Il potere di Erdogan nel Belpaese. Dai gasdotti ai terminal portuali. Così l’Italia annaspa per Del Grande

Governo in difficoltà per i forti interessi turchi in Italia, dal gas agli investimenti nei Porti. Ecco perché non possiamo fare la voce grossa con Erdogan

Il sospetto, alla fine, è sempre quello. Per metterlo a fuoco si può partire da una domanda: quanto pesa l’intreccio di interessi economici sulla scarsa incisività che l’Italia riesce ad avere nei suoi “dialoghi” internazionali? Interrogativo che torna di attualità nel caso di Gabriele Del Grande, il reporter italiano bloccato in Turchia da diversi giorni. La vicenda, ormai, ha assunto un rilievo diplomatico di massimo livello. E chissà che dietro alle difficoltà di gestione non ci siano i grandi interessi turchi in Italia e una certa “dipendenza” da parte del Belpaese. In questo periodo, per dire, sta tornando di grande attualità la discussione sul Tap, il gasdotto che dovrebbe portare il gas dell’Azerbaijan fino alle coste del Salento. Ebbene, non sempre si riflette sul fatto che il Tap, per funzionare, dovrà allacciarsi a un’altra megainfrastruttura, il Tanap, ovvero il gasdotto che correrà lungo tutta la Turchia.
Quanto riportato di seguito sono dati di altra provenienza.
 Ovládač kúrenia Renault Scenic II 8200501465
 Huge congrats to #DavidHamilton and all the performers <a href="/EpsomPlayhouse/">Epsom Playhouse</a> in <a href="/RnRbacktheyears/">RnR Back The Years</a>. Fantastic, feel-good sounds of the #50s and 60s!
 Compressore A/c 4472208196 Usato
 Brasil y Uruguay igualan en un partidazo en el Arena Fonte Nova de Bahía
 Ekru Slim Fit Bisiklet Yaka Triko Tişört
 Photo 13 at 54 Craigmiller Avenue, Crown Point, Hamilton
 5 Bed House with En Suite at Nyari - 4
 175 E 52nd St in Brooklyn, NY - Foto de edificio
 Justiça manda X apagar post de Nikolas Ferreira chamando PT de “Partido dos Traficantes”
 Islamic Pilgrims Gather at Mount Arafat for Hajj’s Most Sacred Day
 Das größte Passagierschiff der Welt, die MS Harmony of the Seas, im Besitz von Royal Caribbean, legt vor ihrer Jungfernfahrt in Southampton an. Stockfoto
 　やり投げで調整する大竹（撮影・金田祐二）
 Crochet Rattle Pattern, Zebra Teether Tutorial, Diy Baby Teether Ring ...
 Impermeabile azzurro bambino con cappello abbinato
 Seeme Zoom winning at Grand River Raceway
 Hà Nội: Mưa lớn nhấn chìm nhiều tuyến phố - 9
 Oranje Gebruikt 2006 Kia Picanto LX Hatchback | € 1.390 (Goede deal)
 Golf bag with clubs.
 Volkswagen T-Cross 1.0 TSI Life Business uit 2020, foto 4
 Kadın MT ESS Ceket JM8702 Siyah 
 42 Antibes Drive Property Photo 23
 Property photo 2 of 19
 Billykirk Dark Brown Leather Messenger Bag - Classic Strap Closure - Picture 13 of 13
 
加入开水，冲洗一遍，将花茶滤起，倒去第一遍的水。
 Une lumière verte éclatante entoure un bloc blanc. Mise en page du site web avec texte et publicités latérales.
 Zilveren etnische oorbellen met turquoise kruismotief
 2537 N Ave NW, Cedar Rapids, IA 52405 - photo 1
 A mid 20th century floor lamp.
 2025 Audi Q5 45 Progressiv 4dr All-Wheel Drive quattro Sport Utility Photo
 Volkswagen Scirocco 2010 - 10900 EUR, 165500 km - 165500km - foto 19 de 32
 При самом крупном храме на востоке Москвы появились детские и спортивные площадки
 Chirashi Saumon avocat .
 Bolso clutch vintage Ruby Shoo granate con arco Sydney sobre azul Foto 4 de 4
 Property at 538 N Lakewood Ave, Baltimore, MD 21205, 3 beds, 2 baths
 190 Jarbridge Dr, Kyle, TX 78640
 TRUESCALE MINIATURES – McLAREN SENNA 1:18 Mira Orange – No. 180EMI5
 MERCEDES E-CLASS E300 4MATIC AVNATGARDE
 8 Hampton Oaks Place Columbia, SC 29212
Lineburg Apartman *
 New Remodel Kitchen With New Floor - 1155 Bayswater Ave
Il dettaglio – E chi sono i maggiori azionisti del Tanap? L’azienda pubblica azera Socar (al 58%) e la compagnia statale turca Botas (al 30%). Questo significa che, alla fine della fiera, la riuscita del progetto dipende molto dalla “disponibilità” del Paese guidato da Recep Tayyip Erdogan. Con il quale, allora, non è molto facile fare la voce grossa, cosa che servirebbe nel caso Del Grande. Ma le ramificazioni turche arrivano anche direttamente nella penisola. In pochi sanno che uno dei più grossi operatori portuali del mondo è il gruppo turco Global Ports. Il quale, negli ultimi anni, ha fatto una vera propria campagna acquisti nel Belpaese. In particolare ha rilevato pacchetti pesanti nel capitale di numerose società che gestiscono i terminal portuali nostrani destinati alla grandi navi da crociera. Viene così fuori che Global Ports, che ha il suo quartier generale a Istanbul, oggi detiene il 70% della Cagliari Cruise Port srl, il 62% della Catania Cruise Terminal srl e il 51% della Ravenna Terminal Passeggeri srl. Di più, perché il colosso turco sta anche nel consorzio che, tramite la società Apvs, controlla il 53% della Venezia Terminal Passeggeri Spa. La stessa che a cascata vanta una partecipazione nella Brindisi Cruise Port srl. Questo, tra le altre cose, significa che in tutte le compagini sociali Global Ports si trova a interloquire con soci come Autorità portuali, Camere di commercio, enti locali e via dicendo.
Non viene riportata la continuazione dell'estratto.